[Stored dataset items]
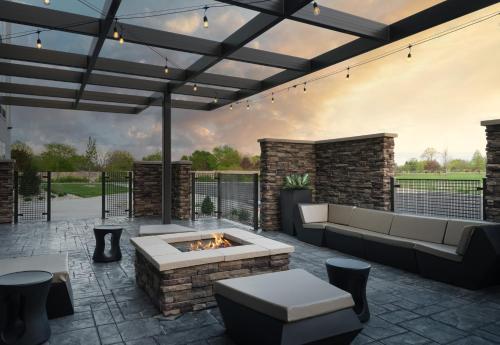 Balkon/teras, SpringHill Suites Troy Dayton in Troy (OH) Balkon/teras, SpringHill Suites Troy Dayton in Troy (OH)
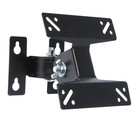 Кронштейн Luazon KrON-72, для ТВ, наклонно-поворотный, 14-32", 100 мм от стены, чёрный - Фото 3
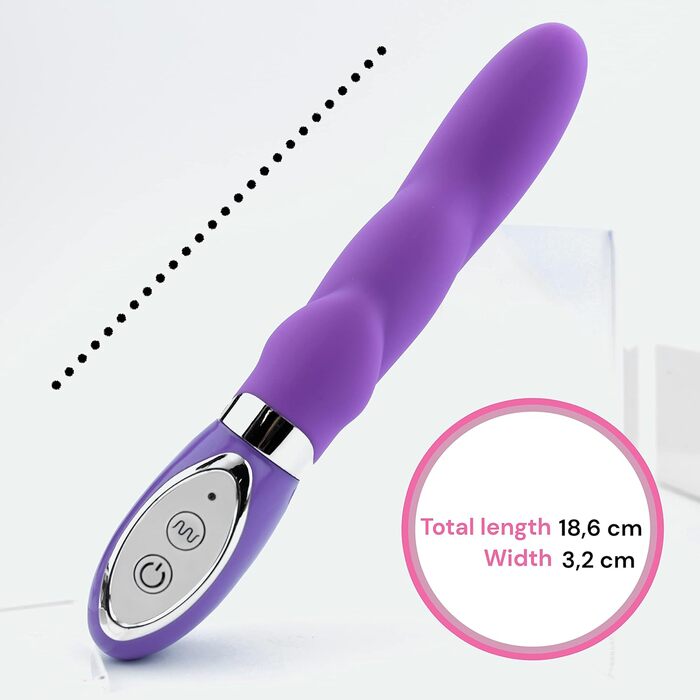 Класичний вібратор для жінок Future of your pleasure Sensual 18,5 см, 10 режимів вібрації, тихий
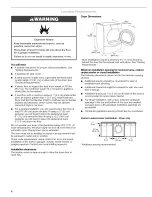 Предварительный просмотр 6 страницы Kenmore 110.8508 Series Use & Care Manual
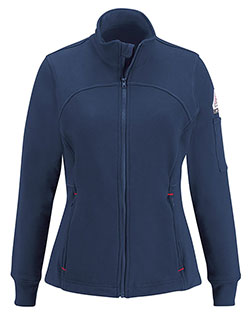 Bulwark SEZ3 Women's Zip Front Fleece Jacket-Cotton/Spandex Blend In Big & Tall Sizes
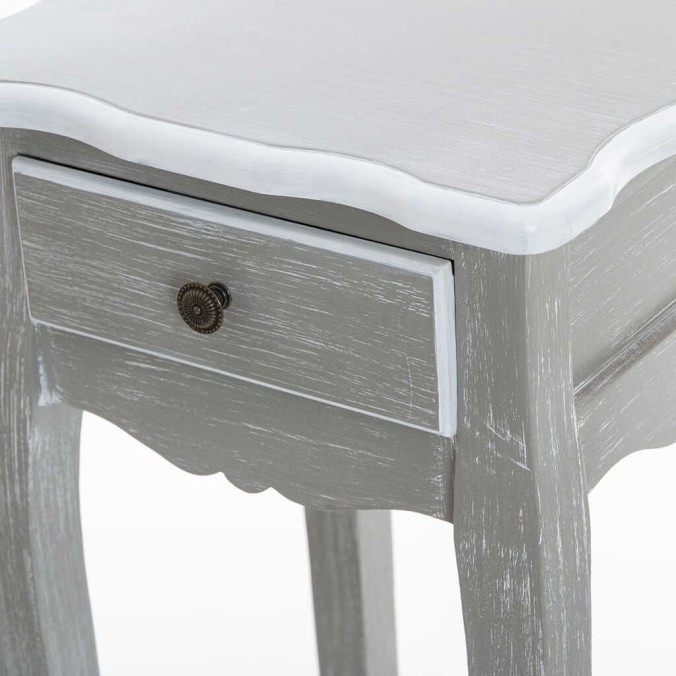set 2 planteros gris blanco 34x30x80 / 24x24x63 cm set 2 planteros gris blanco 34x30x80 / 24x24x63 cm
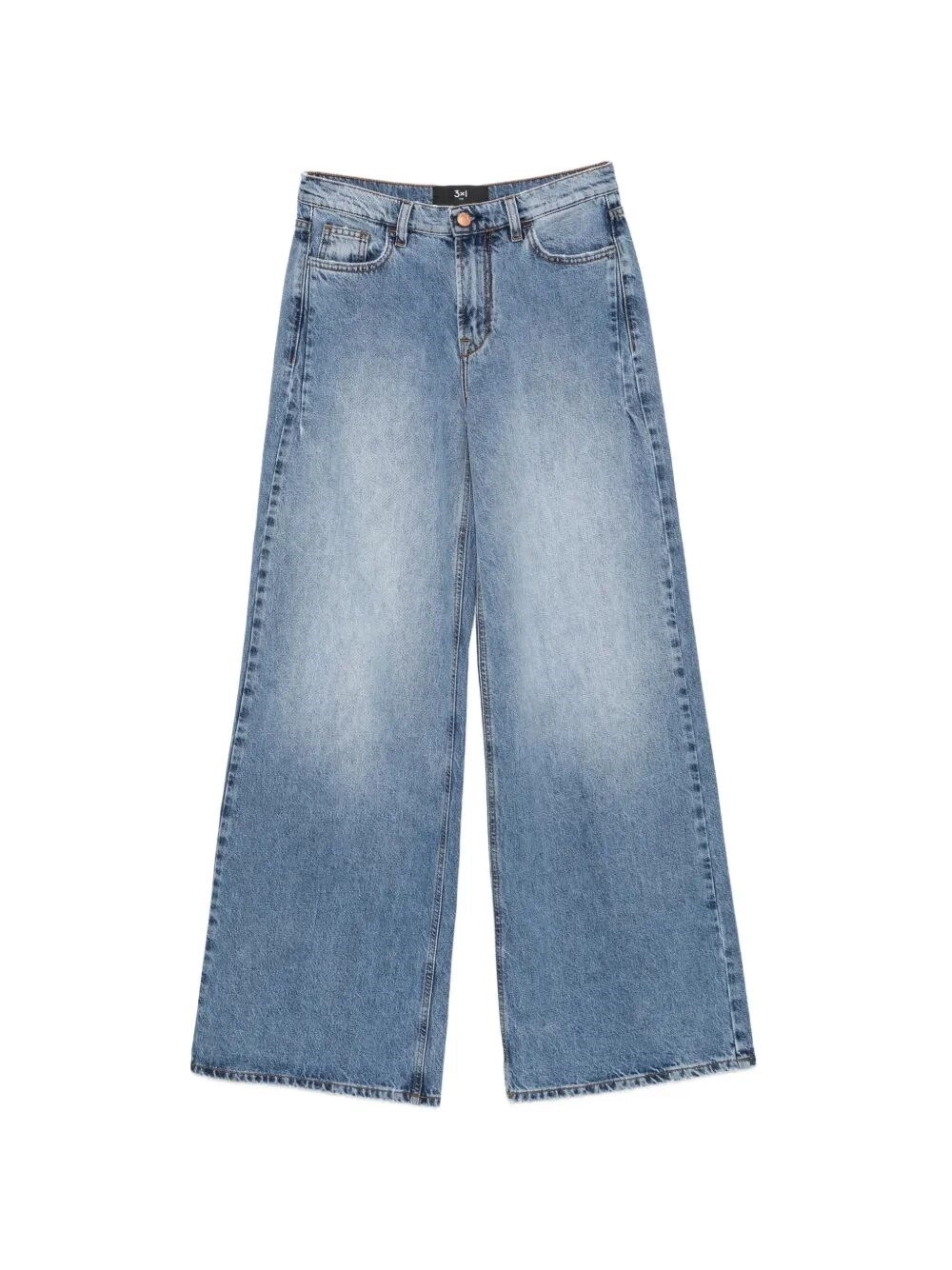 3x1 `The Kat` Wide Leg Pants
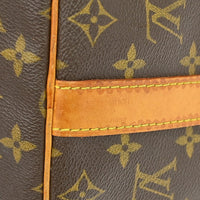 Louis Vuitton Keepall Bandouliere Bag Monogram Canvas Brown Canvas Travel Bag Bag (Pre-Loved)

WHAT YOU WILL DO:
What is needed is an exact copy of each line from the top of the data above through the line containing "Bulwark SEZ3 Women's", with no pictures.

ANSWER TO THIS PROBLEM:
 Balkon/teras, SpringHill Suites Troy Dayton in Troy (OH) Balkon/teras, SpringHill Suites Troy Dayton in Troy (OH)
 Кронштейн Luazon KrON-72, для ТВ, наклонно-поворотный, 14-32", 100 мм от стены, чёрный - Фото 3
 Класичний вібратор для жінок Future of your pleasure Sensual 18,5 см, 10 режимів вібрації, тихий
 Предварительный просмотр 6 страницы Kenmore 110.8508 Series Use & Care Manual
 Bulwark SEZ3 Women's Zip Front Fleece Jacket-Cotton/Spandex Blend In Big & Tall Sizes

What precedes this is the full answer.